I’m trying to get the scores from the soccer world cups since 1930, in this link are the match ups listed and by clicking in the team a new window pop up with the summary I’m looking for. My problem is that in the HTML source code I don’t see a
<a> tag with the href inside of it as usually is, i’m trying to simulate a click event with the following VBA code:
Sub Test() Dim URL As String Dim IE As InternetExplorer Dim HTMLdoc As HTMLDocument Dim TDelements As IHTMLElementCollection Dim TDelement As HTMLTableCell Dim i As Integer URL = "http://www.flashscore.com/soccer/world/world-cup-1990/results/" Set IE = New InternetExplorer With IE .Navigate URL .Visible = True While .Busy Or .ReadyState <> READYSTATE_COMPLETE: DoEvents: Wend Set HTMLdoc = .Document End With Set TDelements = HTMLdoc.getElementsByTagName("td") For Each TDelement In TDelements If TDelement.Title = "Click for match detail!" Then TDelement.Click End If Next IE.Quit End Sub
I’d do this one differently, as what you’re trying to achieve requires a massive overhead and might take you on a wild goose chase of links, actions, loops, and whatnot. Instead of emulating the actions, it’s much better emulating the results of the actions.
Take for example the Germany – Argentina match. When you click on it, it opens this pop-up:
Of particular note here is the URL of the pop-up. Intuitively enough, the URL has some weird combination that might possibly be a unique identifier. The first thing we check is the tag for that row in the table we just clicked.

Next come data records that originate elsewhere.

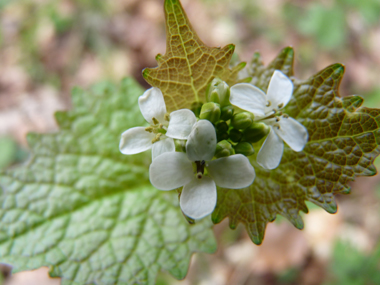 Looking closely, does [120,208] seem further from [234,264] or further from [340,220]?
[340,220]

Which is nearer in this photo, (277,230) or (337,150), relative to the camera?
(337,150)

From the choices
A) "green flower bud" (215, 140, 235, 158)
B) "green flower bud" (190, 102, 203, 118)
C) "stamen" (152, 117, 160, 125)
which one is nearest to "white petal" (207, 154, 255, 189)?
"green flower bud" (215, 140, 235, 158)

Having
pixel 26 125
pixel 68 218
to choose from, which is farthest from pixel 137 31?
pixel 68 218

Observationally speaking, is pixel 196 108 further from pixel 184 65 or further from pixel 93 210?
pixel 93 210

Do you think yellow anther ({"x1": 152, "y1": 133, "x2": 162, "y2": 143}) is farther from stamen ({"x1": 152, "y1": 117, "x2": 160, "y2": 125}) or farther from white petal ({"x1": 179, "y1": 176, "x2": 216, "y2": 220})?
white petal ({"x1": 179, "y1": 176, "x2": 216, "y2": 220})

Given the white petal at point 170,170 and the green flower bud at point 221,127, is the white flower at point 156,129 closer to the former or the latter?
the white petal at point 170,170

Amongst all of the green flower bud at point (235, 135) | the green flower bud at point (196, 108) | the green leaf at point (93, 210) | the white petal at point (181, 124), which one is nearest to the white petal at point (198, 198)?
the white petal at point (181, 124) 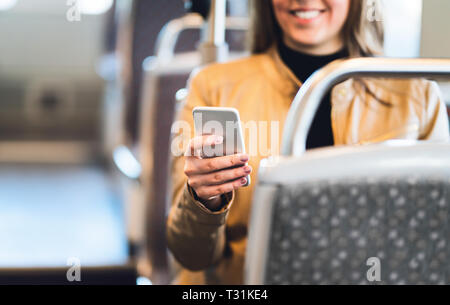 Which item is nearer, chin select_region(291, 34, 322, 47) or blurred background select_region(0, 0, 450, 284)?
chin select_region(291, 34, 322, 47)

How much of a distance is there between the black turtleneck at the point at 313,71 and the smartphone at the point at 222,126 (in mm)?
160

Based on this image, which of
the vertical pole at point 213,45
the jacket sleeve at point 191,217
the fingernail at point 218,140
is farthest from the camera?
the vertical pole at point 213,45

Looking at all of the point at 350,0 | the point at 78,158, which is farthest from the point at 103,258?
the point at 78,158

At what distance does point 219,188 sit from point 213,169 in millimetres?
28

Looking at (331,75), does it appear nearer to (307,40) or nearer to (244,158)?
(244,158)

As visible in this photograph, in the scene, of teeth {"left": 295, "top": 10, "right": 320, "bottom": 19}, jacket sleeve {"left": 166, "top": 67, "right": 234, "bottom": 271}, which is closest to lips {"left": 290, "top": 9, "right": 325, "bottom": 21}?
teeth {"left": 295, "top": 10, "right": 320, "bottom": 19}

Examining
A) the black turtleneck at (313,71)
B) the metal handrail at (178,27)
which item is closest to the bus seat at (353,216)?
the black turtleneck at (313,71)

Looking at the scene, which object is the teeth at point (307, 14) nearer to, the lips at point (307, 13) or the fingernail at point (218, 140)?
the lips at point (307, 13)

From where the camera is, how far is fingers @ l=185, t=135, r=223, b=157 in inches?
21.2

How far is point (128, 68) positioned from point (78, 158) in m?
2.20

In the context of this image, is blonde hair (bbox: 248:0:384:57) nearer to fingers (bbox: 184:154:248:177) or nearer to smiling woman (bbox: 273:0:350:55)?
smiling woman (bbox: 273:0:350:55)

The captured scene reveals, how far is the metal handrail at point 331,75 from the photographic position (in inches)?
19.0

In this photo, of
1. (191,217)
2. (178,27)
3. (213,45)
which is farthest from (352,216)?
(178,27)

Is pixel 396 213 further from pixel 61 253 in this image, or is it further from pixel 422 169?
pixel 61 253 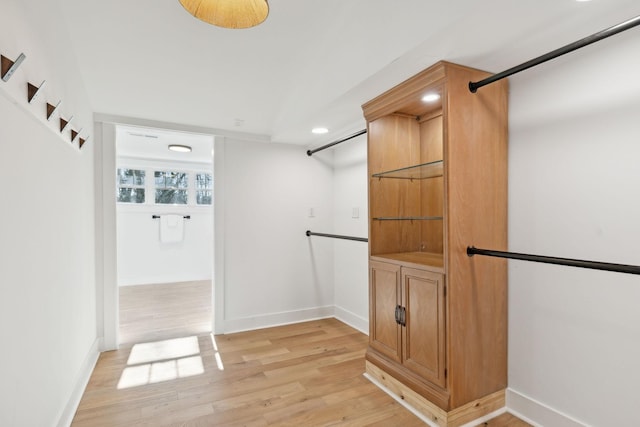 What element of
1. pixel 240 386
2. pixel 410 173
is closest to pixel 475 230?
pixel 410 173

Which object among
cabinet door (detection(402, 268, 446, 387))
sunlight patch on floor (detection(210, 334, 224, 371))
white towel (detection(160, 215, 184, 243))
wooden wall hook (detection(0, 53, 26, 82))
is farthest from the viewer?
white towel (detection(160, 215, 184, 243))

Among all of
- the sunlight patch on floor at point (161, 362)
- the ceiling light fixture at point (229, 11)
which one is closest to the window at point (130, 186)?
the sunlight patch on floor at point (161, 362)

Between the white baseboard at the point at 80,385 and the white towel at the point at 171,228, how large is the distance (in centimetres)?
341

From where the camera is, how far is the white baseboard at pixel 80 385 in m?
1.83

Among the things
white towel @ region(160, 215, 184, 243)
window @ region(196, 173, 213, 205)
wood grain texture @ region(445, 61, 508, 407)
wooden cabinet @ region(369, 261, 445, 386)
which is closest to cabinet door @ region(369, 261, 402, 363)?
wooden cabinet @ region(369, 261, 445, 386)

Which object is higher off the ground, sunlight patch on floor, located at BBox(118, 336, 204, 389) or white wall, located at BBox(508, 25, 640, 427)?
white wall, located at BBox(508, 25, 640, 427)

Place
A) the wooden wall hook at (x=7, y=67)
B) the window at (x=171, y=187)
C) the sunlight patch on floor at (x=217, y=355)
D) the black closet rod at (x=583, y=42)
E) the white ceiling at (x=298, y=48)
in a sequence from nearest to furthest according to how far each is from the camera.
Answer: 1. the wooden wall hook at (x=7, y=67)
2. the black closet rod at (x=583, y=42)
3. the white ceiling at (x=298, y=48)
4. the sunlight patch on floor at (x=217, y=355)
5. the window at (x=171, y=187)

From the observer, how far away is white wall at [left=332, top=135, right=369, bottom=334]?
340cm

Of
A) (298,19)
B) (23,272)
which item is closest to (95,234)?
(23,272)

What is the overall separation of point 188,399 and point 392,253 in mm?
1775

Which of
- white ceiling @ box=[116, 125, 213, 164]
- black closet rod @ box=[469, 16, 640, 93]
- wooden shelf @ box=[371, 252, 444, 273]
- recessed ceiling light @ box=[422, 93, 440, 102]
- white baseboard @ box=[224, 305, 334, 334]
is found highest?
white ceiling @ box=[116, 125, 213, 164]

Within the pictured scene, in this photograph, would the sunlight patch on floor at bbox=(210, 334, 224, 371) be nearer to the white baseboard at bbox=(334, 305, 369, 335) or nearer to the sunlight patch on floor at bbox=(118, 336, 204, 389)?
the sunlight patch on floor at bbox=(118, 336, 204, 389)

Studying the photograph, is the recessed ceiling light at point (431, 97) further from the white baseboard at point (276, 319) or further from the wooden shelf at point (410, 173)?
the white baseboard at point (276, 319)

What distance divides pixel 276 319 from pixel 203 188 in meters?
3.87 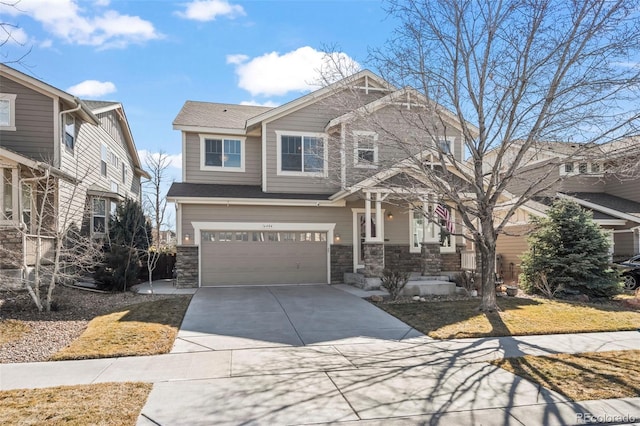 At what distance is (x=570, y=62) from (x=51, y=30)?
934 cm

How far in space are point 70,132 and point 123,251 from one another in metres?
5.32

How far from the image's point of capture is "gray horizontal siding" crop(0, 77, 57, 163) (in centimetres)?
1388

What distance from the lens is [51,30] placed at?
571cm

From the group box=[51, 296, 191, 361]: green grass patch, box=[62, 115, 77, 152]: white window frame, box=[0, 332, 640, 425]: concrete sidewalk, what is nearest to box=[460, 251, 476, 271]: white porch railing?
box=[0, 332, 640, 425]: concrete sidewalk

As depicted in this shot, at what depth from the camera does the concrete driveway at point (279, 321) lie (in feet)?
25.0

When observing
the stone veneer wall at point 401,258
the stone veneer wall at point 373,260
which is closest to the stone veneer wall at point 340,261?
the stone veneer wall at point 401,258

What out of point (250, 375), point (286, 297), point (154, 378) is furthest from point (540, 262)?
point (154, 378)

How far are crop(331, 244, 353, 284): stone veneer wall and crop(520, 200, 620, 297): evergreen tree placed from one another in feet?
19.3

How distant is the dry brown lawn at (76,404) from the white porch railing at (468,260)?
40.3ft

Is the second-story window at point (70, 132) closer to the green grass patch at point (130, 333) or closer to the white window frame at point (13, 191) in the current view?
the white window frame at point (13, 191)

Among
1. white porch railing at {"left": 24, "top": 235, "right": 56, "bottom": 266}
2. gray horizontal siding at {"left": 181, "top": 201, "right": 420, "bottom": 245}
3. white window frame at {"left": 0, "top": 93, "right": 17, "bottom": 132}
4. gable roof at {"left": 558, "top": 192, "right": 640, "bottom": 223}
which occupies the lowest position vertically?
white porch railing at {"left": 24, "top": 235, "right": 56, "bottom": 266}

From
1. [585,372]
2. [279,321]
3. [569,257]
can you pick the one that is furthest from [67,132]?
[569,257]

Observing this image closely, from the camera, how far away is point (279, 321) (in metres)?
9.17

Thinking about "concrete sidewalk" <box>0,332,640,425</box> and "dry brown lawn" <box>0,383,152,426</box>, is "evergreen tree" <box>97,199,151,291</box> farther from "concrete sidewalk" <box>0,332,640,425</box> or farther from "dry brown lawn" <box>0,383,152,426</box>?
"dry brown lawn" <box>0,383,152,426</box> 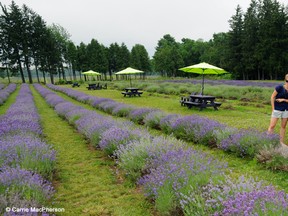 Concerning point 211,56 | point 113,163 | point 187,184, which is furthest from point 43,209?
point 211,56

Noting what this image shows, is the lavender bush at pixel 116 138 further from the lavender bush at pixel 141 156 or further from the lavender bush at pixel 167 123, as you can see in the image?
the lavender bush at pixel 167 123

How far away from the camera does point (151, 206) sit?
337cm

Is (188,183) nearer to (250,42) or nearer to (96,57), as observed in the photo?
(250,42)

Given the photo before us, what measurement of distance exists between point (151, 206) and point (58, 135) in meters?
5.57

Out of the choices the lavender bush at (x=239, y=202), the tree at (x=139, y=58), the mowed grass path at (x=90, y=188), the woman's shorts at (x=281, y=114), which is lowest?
the mowed grass path at (x=90, y=188)

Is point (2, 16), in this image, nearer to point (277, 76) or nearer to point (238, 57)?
point (238, 57)

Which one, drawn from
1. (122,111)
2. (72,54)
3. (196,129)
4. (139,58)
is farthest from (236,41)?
(196,129)

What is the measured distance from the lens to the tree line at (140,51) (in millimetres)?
36469

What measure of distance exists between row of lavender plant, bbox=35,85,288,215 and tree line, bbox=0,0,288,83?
37.2m

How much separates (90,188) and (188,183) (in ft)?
6.21

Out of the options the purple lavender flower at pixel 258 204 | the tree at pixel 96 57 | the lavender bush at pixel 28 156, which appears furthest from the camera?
the tree at pixel 96 57

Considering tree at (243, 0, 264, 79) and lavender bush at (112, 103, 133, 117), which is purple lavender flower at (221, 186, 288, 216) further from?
tree at (243, 0, 264, 79)

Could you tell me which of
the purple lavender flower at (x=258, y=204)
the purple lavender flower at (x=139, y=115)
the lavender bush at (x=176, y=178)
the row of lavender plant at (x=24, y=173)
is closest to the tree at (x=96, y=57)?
the purple lavender flower at (x=139, y=115)

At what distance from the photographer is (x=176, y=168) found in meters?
3.25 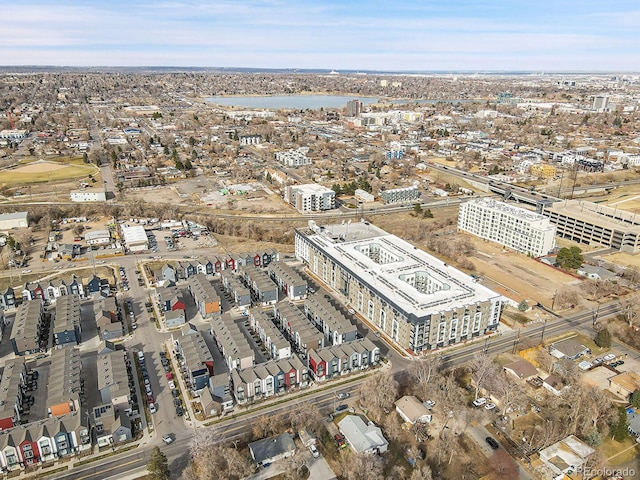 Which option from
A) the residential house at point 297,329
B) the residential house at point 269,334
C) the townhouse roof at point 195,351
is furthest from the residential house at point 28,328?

Check the highlighted part: it resembles the address in our pop-up closely, albeit there are four (4) extra characters at the beginning. Collapsing the row and cross-checking against other rows, we come to the conclusion that the rows use a similar format:
Removing the g_1_ from the
id attribute of the
tr tag gives us the unique identifier for every match. I’ll be taking the sanitized
id from the Italy – England match and I will input it into the generic URL. We’ll do this in another tab as the pop-up’s address bar is locked:
Voila. The page is open in another tab, and from there you can get what you want from the match summary. You can even check the head-to-head by changing
Why does this matter?
Because it’s safer. Since you’re using Excel, you have the sheets at your control. The safest way is to record all these
id attributes from each row into, say, a column. Then loop over that column, concatenating it properly to produce the target URLs.
Then you loop over the URLs and get what you want from the EXACT pages you’re looking for. There’s no need anymore for the original link/table at this point since almost all the details are in the “summary” pages anyway.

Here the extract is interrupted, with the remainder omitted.